## SOURCE MATERIAL

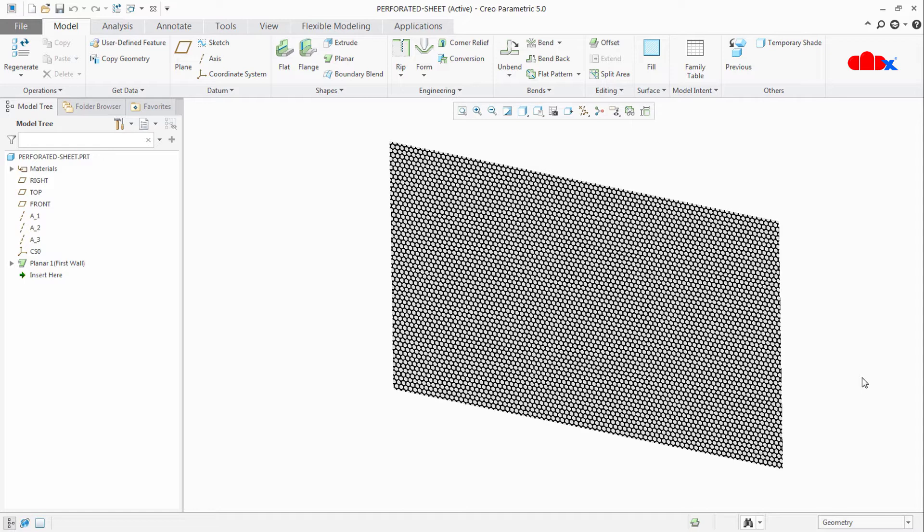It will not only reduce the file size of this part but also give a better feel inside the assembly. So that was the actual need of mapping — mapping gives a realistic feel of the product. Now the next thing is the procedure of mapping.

...

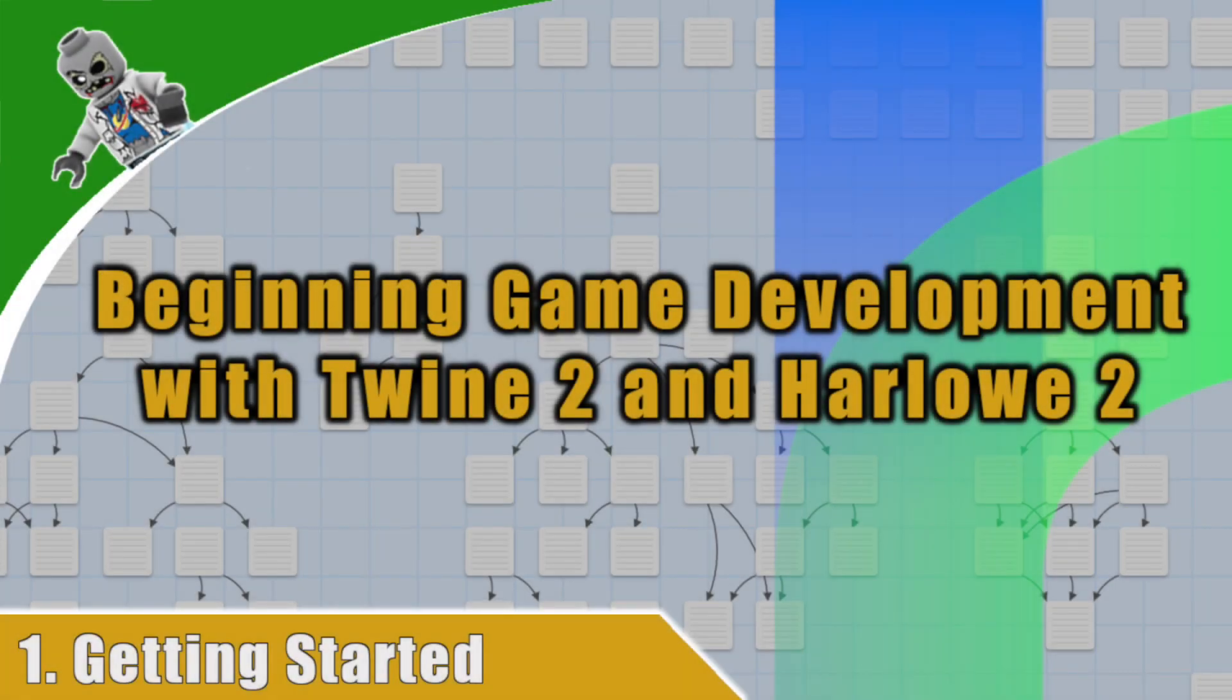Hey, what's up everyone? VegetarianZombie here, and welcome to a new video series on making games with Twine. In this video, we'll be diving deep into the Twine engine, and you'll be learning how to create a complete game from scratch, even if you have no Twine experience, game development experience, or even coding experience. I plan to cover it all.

==

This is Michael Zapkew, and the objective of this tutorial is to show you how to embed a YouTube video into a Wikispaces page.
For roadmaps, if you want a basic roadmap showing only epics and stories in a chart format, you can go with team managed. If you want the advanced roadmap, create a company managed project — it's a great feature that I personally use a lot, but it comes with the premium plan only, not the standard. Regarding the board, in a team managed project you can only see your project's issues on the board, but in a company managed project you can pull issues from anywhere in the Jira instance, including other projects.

## YOUR TASK
With the first line being the one containing "This is Michael" and the last line the one containing "For roadmaps, if", transcribe exactly the lines above that fall in that range.

## SOLUTION
This is Michael Zapkew, and the objective of this tutorial is to show you how to embed a YouTube video into a Wikispaces page.
For roadmaps, if you want a basic roadmap showing only epics and stories in a chart format, you can go with team managed. If you want the advanced roadmap, create a company managed project — it's a great feature that I personally use a lot, but it comes with the premium plan only, not the standard. Regarding the board, in a team managed project you can only see your project's issues on the board, but in a company managed project you can pull issues from anywhere in the Jira instance, including other projects.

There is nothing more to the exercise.